What the task requires →
In your copy, leave out the pictures; write out all the data exactly.

Stored data →
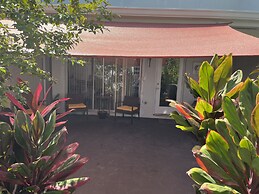 Luxurious & Spacious Townhouse in Prime Location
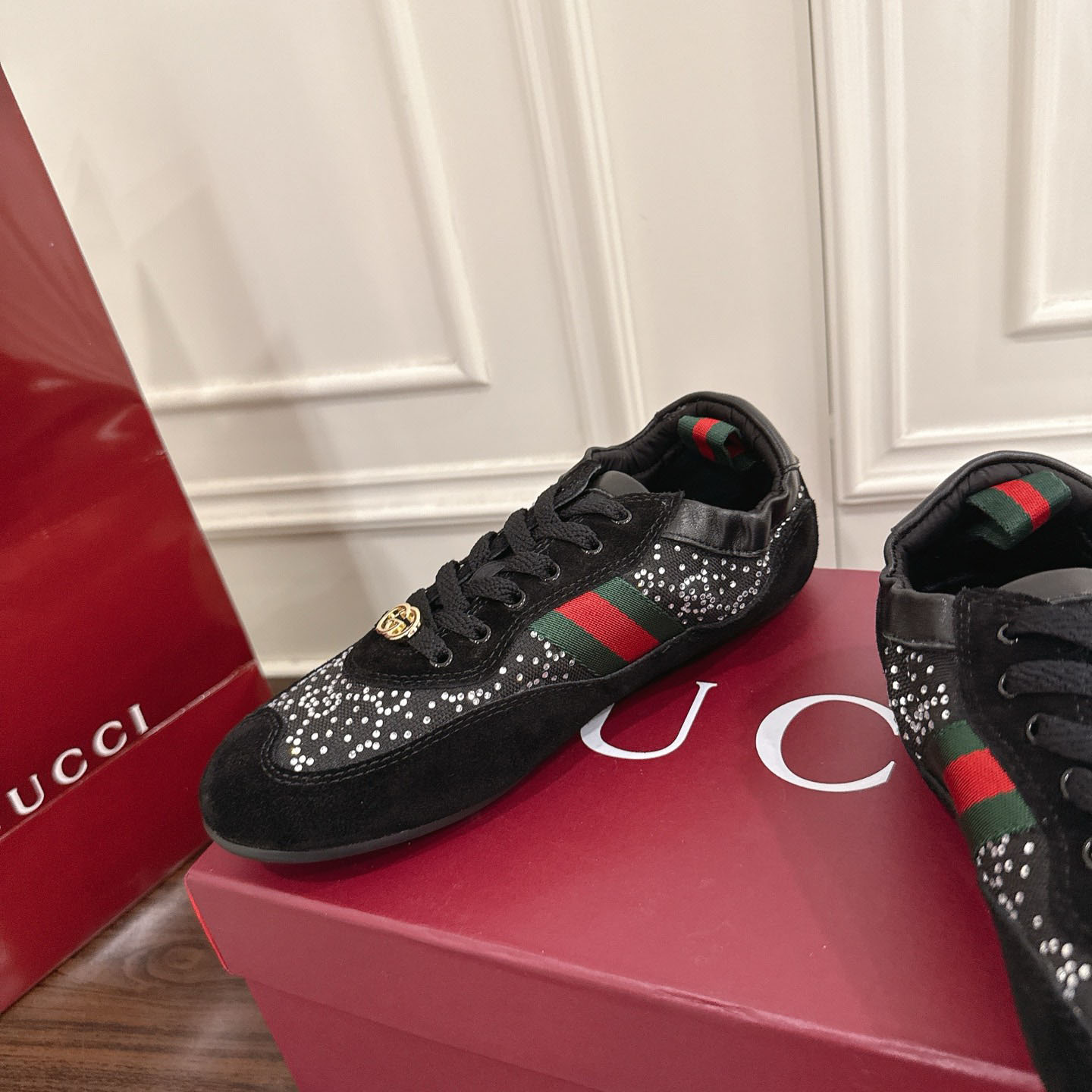 Gucci Women's Gucci Shift GG Crystal Sneaker - DesignerGu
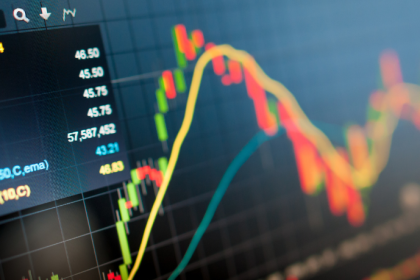 Rodrigo Balassiano analisa como a ICVM 175 impulsionou a profissionalização e a eficiência na gestão de fundos de investimento no Brasil.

Written solution →
 Luxurious & Spacious Townhouse in Prime Location
 Gucci Women's Gucci Shift GG Crystal Sneaker - DesignerGu
 Rodrigo Balassiano analisa como a ICVM 175 impulsionou a profissionalização e a eficiência na gestão de fundos de investimento no Brasil.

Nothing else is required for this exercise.